Another fix is to have the bore relined. This used to be a normal gunsmithing procedure and didn't cost the earth, although it wasn't cheap.
Another is to have it rebored to a larger caliber: .25-20, .25-35, .32-20, or .357. The first two will cause you some extra work to find cases or ammo, although the .25-35 seems to have had a little spurt of interest recently. Only specialty smiths do the rebores, though, and they do them in "caliber" batches (all the same caliber at once) so if you get lucky it may be quick. If you don't you may have to wait many months.
I have a 219 .25-20 with the bore relined to restore it to a shooter (it was trashed when I got it like many .25-20 bores). Also have a .30-30 barrel that was relined to .25-35 because it had been "ringed" TWICE (sometimes Bubba just don't learn....). Unfortunately the 'smith that did those relines and a bunch of others for me has retired.

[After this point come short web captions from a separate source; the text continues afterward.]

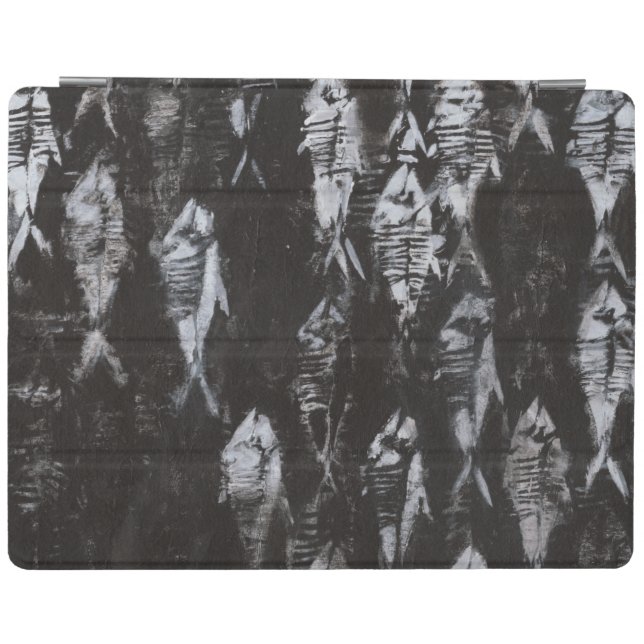 Fossil White Fish on Black Background iPad Smart Cover (Horizontal)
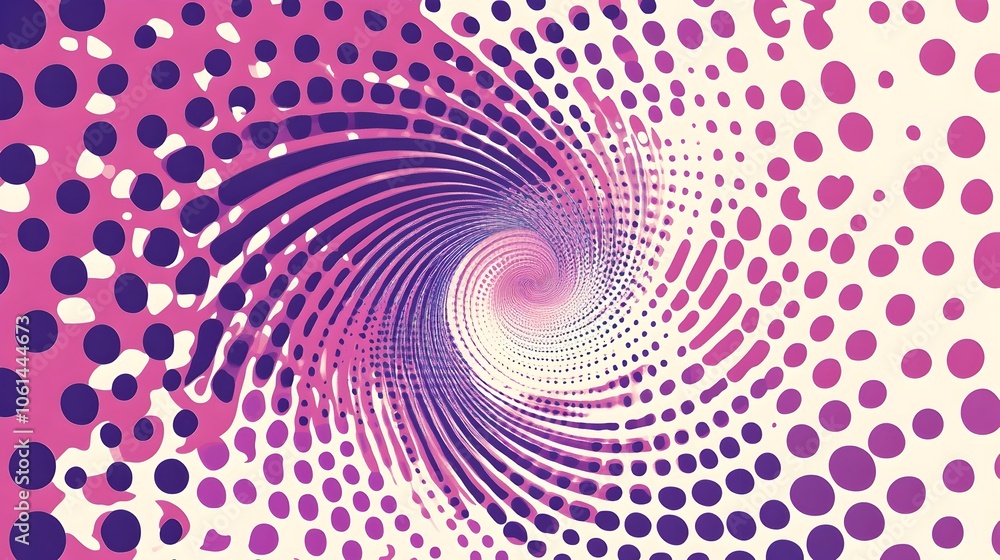 Poster mesmerizing halftone swirl with vibrant gradient color dots in stylized pop art aesthetic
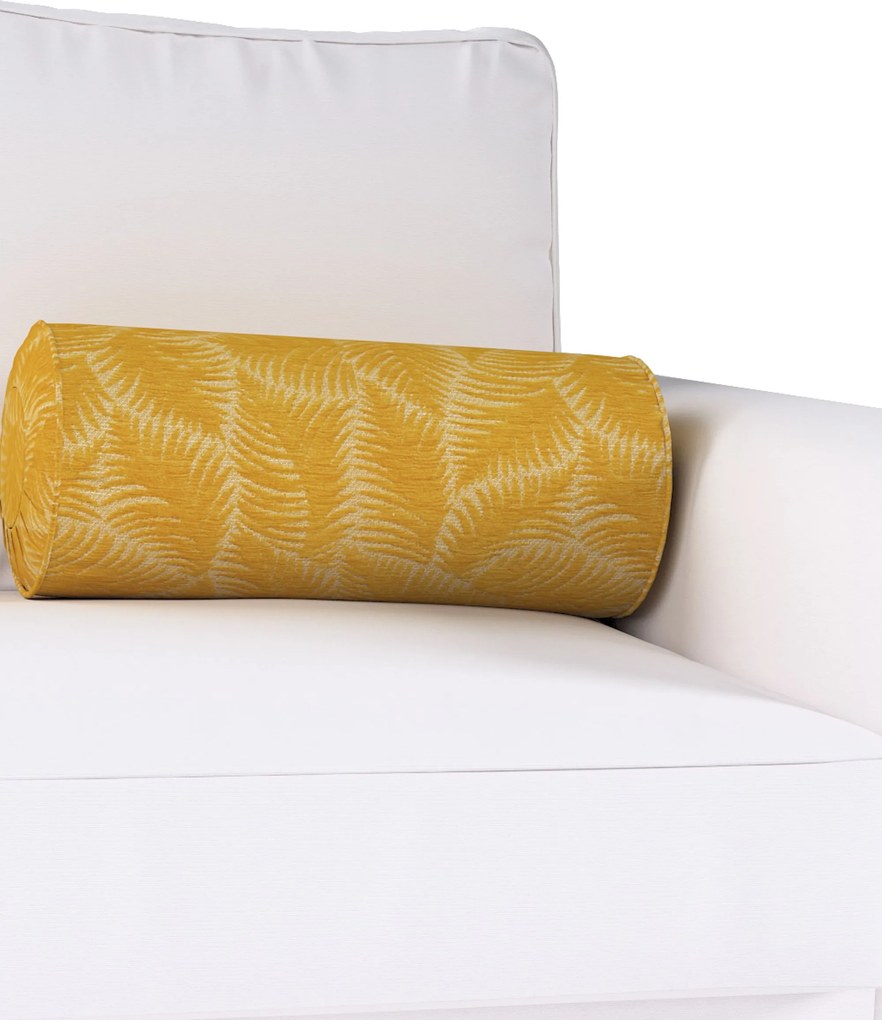 Poduszka wałek z zakładkami kolor żółty tkanina strukturalna, wzorzysta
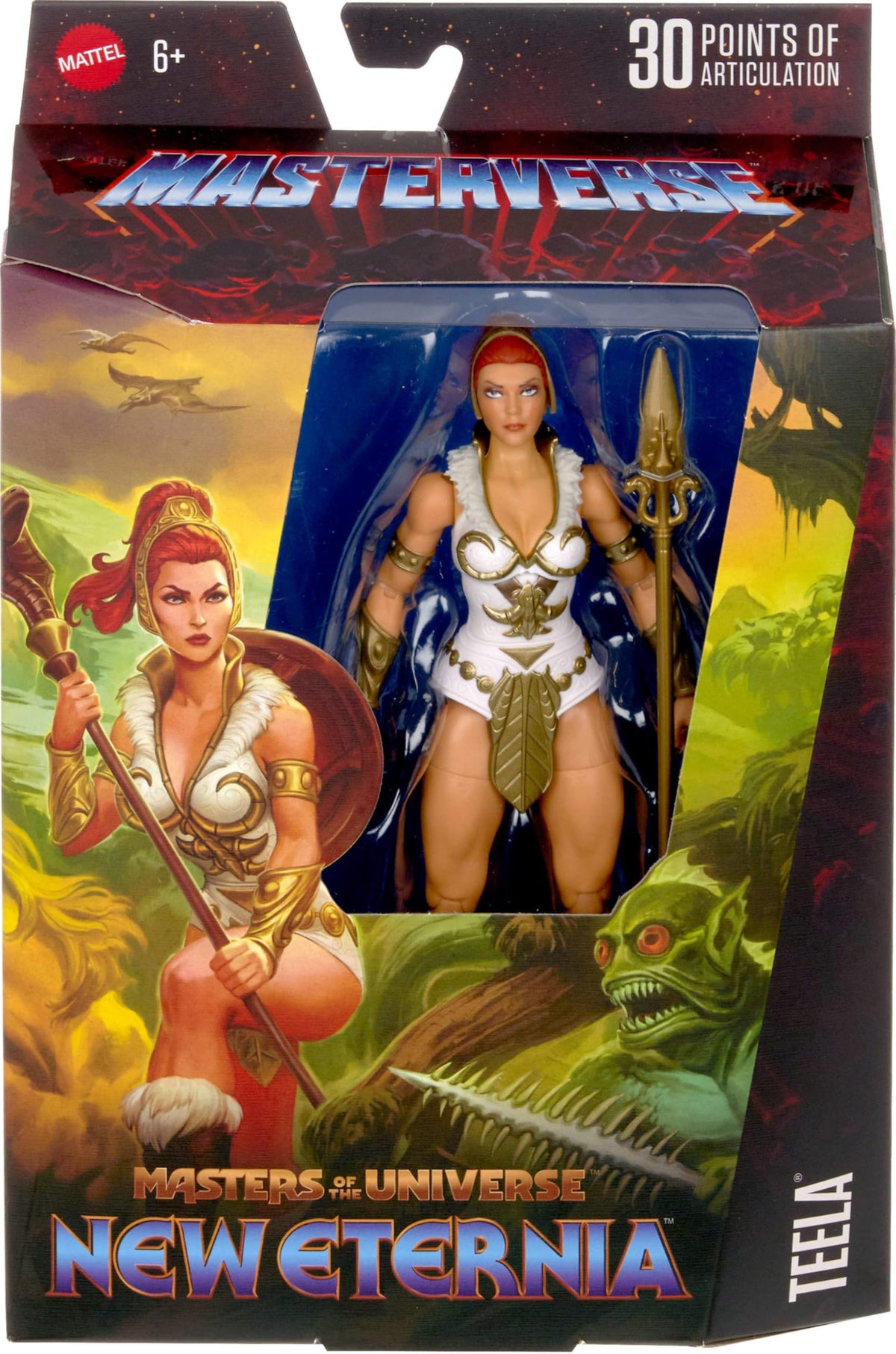 Deluxe window box packaging by Masters of the Universe Masterverse protects and showcases the figure.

As Garnett suggests, the easiest "fix" if a .22 K Hornet reamer won't clean up your chamber (and it may not), IS to rechamber to .219 Zipper. But that has two drawbacks: you'll need to reload with Hornet bullets to get best accuracy because the two ctgs. have different twists, and cases will probably have to be ordered from a custom case former like Graf's, or reformed from .25-35s or .30-30s.
Have fun, I hope you can revive that old gal!